PUTNA, Romania (Reuters) – When 75-year-old Svetlana and her family from the city of Krivoy Rog in central Ukraine reached the snow-covered Putna Monastery in the rolling hills of northeastern Romania, they had been on the road for four days.
The monks living at the remote 15th century Romanian Orthodox monastery, a pilgrimage site that sits in a valley covered in dense forest, have opened its doors to people like Svetlana who have fled Ukraine to neighbouring countries in their millions since Russia began its invasion on Feb. 24.
Of those, more than 400,000 people have already crossed into Romania, and numbers are expected to rise as Russia continues what it calls a “special operation” to demilitarise and “deNazify” Ukraine. Ukraine and Western allies call this a baseless pretext for a war of choice.
Svetlana left her home city with her daughter Anna, 6-year-old grandson Maksim and two other female relatives. Anna’s husband and her two siblings stayed behind, helping with humanitarian aid.
“We would go home in a second, our souls are so heavy,” Svetlana said. “We are sorry we had to separate from our family. Right now we feel fear and confusion, we don’t know what to do next.”
As she wept, Father Gherasim Soca quietly embraced and comforted her.

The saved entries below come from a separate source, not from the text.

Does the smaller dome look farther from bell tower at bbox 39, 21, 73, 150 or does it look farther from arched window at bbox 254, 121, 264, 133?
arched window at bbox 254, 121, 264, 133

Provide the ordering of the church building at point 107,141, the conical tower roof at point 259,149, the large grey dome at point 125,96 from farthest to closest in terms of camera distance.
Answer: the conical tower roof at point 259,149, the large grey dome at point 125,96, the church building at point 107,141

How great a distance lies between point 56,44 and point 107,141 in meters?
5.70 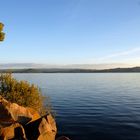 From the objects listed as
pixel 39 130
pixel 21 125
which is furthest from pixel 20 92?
pixel 39 130

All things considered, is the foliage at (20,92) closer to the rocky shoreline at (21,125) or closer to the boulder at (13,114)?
the boulder at (13,114)

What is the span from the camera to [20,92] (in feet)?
139

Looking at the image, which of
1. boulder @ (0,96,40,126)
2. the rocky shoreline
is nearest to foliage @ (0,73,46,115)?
boulder @ (0,96,40,126)

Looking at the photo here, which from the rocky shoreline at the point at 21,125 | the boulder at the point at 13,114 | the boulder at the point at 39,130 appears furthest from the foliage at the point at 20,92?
the boulder at the point at 39,130

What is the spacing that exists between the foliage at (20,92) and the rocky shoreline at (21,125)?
751 cm

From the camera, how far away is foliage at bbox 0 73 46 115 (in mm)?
42422

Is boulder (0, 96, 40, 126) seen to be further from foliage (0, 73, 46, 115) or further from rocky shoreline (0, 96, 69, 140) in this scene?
foliage (0, 73, 46, 115)

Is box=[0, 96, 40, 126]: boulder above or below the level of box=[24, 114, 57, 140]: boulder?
above

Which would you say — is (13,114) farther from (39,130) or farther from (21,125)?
(39,130)

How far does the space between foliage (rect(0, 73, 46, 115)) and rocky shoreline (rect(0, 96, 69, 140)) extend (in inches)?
296

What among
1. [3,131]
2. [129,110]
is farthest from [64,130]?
[129,110]

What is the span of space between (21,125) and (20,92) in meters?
11.8

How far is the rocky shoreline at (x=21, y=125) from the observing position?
29859mm

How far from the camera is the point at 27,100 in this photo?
4272 cm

Later that day, villagers braved a snow storm to attend a service at which monks prayed for the people of Ukraine inside the large stone church with shimmering icons.
“The majority of people want to reach their final destination, usually somewhere in the west, as soon as possible, and if they can, they choose to spend the night near the border towns,” said Father Gherasim.

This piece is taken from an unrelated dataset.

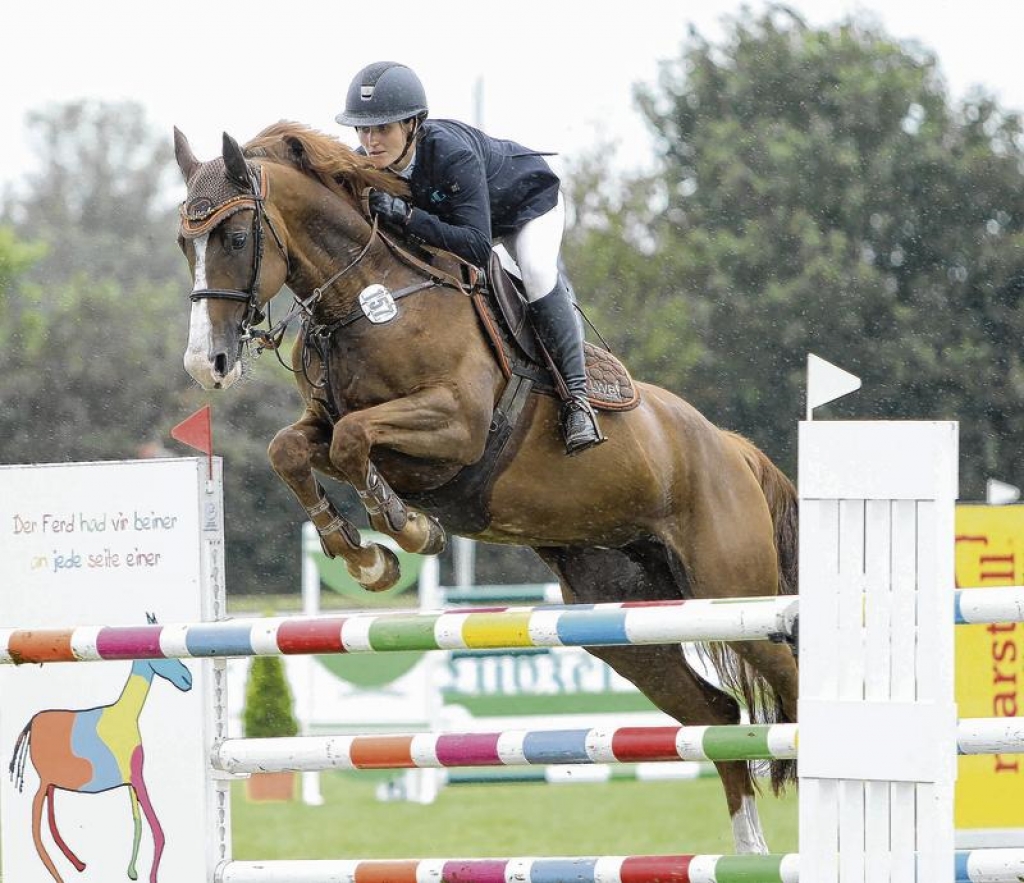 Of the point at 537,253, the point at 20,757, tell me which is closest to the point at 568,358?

“Putna is a little more remote, but for those who are not in a rush, they are not crowded here, each family have their own room. I see them go to church and praying, getting comfort, it helps a lot.”
(Open https://reut.rs/3qwBKZF to see picture package on the monastery)

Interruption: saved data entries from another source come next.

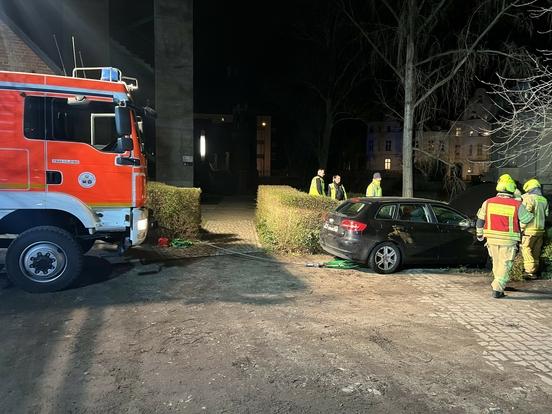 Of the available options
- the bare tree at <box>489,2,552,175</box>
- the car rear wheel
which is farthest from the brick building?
the bare tree at <box>489,2,552,175</box>

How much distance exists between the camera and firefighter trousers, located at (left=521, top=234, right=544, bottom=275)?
30.1 ft

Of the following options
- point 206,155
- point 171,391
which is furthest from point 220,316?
point 206,155

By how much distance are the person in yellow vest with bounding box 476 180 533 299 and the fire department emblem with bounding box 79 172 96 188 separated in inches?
239

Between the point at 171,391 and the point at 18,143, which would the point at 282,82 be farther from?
the point at 171,391

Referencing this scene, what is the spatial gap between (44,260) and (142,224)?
1.57 m

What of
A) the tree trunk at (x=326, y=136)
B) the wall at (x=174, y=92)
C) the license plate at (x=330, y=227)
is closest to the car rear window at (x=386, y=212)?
the license plate at (x=330, y=227)

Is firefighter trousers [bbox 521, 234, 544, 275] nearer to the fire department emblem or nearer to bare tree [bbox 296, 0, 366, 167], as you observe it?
the fire department emblem

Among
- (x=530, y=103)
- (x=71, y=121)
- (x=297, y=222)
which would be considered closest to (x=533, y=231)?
(x=530, y=103)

More than 412,000 Ukrainians have fled to Romania, where thousands of volunteers, churches, non-governmental organisations and government agencies are providing food, shelter, clothes and transportation.
In northeast Romania, the Suceava and Rădăuți Orthodox Archdiocese has offered hundreds of beds in monasteries as well as parish houses. They also have a permanent presence at the Siret border and adjacent train station including priests and monks who speak Ukrainian or Russian, offering food and help.
“A large part of Ukrainians are going to relatives who work abroad,” said Father Alexandru Flavian Sava, the archdiocese’s spokesman. “To them, it is more comforting to move on than stop so close to the border and the violence beyond.”
Father Gherasim said roughly 100 people, mostly women and children, have so far taken shelter at Putna.
Among them was a couple who ran with their baby from Ivano-Frankivsk. The father used his dual Romanian passport to leave, as Ukrainian men of conscription age are not allowed to.
“We have a little girl, we left because we are afraid for us and her,” said the father, who wished to remain anonymous. He said they came to stay at Putna before running further west because they had visited before.
“We’re afraid because we don’t know how it will end.”